Die Strudlhofstiege ist das Gegenteil der "Hühnerleiter formloser Zwecke" und dient somit wohl auch dazu, das romaninterne Korrelat des Kunstwerkes an sich in seiner sublimen Absichtslosigkeit zu sein. Doderers imaginierte Räume sind prägnanter Ausdruck seines Willens zur Versinnlichung, der als stärkste Opposition zu jenen - für Doderer - unechten Abstraktionen zu gelten hat, die den Menschen irreleiten.

Subtile Ironie

"Es hat jede Affär' ihren Hintergrund, ihr Milieu, wie man sagt, das Leben ist immer der beste Regisseur: die Kulissen stimmen unsagbar gut zu dem, was gespielt wird", heißt es einmal. Deutlich ist die Kontrastwirkung, die durch die Opposition des großbürgerlichen Haushalts der Stangeler vor dem Krieg und des "Schachl-Gärtchens" nach dem Kriege erzeugt wird: Dass René nie in dieses Idyll kommt, gehört zu der subtilen Ironie, mit der dieser junge Mann aus gutem Hause bedacht wird: Melzer hingegen darf den Raum betreten.
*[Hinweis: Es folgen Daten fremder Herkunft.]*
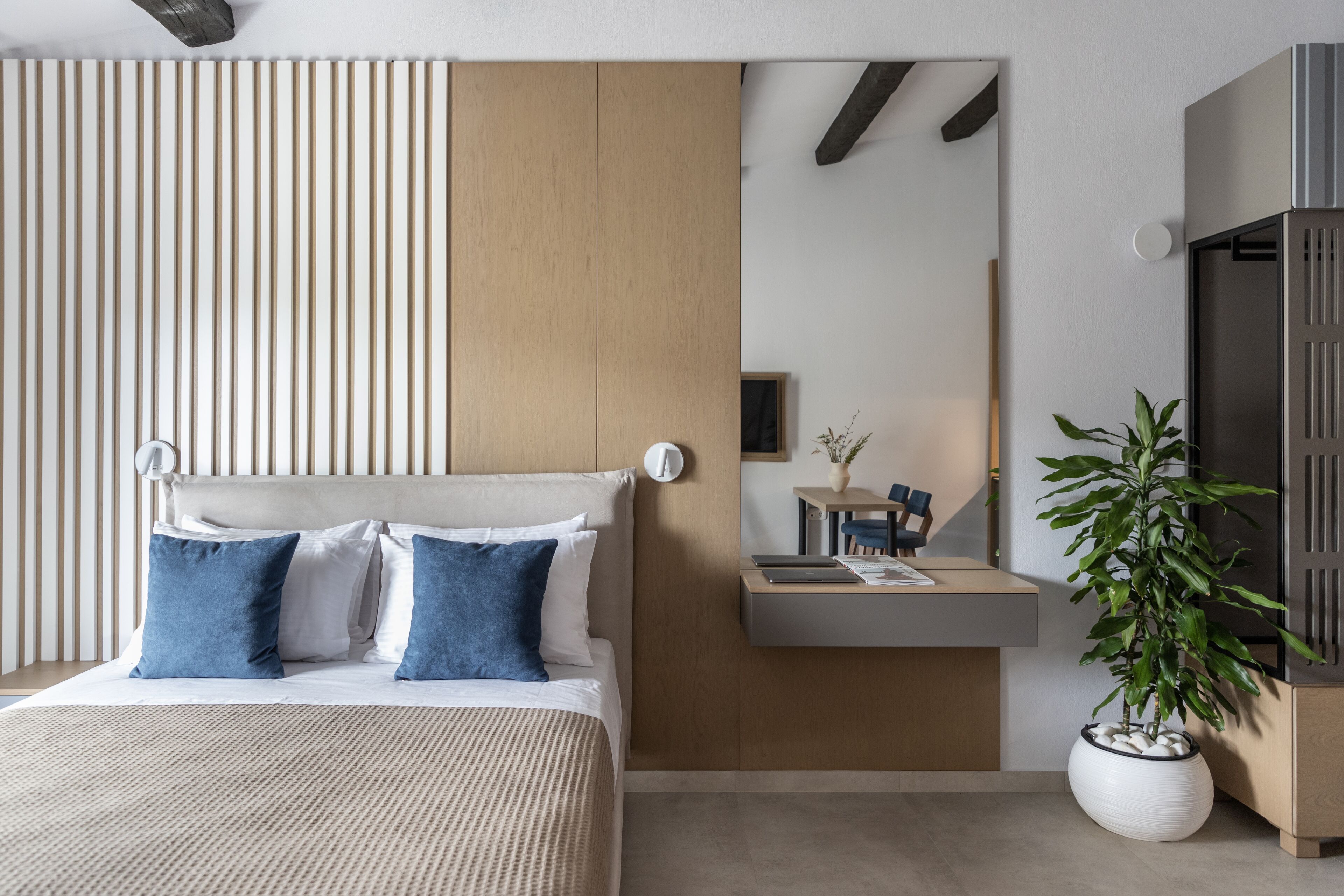 A modern bedroom with a bed, bedside table, and a potted plant.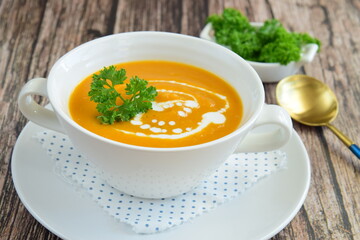 Pumpkin soup with coconut milk with parsley. Wooden background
Im Schachl-Gärtchen endet auch der Roman, mit einer Nachfeier zur Verlobung, die ein ebenso konventionelles wie eindrucksvolles Finale sein soll; der gute Ausgang wird ironisch durch den Erzählerkommentar unterlaufen, der das Paar mit einem Kommentar entlässt, der das Scheinhafte auch dieses Idylls sanft bewusst macht:

Wesentlich bleibt doch, dass die Ehe nie eine Lösung bilden kann, sondern immer nur die Aufstellung eines Problems, unter dessen neues Zeichen das betreffende Paar jetzt tritt (...).

Das Schachl-Gärtchen ist der Ort, an dem eine solche Verklärung des Glücks doch für einen Augenblick möglich ist.

Wien, wie er es sah

In diesem Rückzugsraum scheint das Idyll statthaft; die Familie Stangelers bleibt ausgeschlossen. Der schweren Destabilisierung in ethischer, ästhetischer und auch gesellschaftlicher Hinsicht nach dem Zweiten Weltkrieg setzte Doderer ein mit Nachdruck behauptetes Ordnungskonzept entgegen, das sich im Roman manifestieren sollte.

Der Hintergrund, dem er trauen konnte, war die Stadt Wien, so wie er sie sah. Der Erfolg dieses Romans zu Beginn der 1950er Jahre schien Doderers Praxis zu bestätigen. Dieses Buch ist nicht ohne Grund für manche Wienbesucher zu einem literarischen Baedeker avanciert. Die Schule des Sehens kann so auch zu einer Schule des Gehens mit "Dignität und Dekor" werden.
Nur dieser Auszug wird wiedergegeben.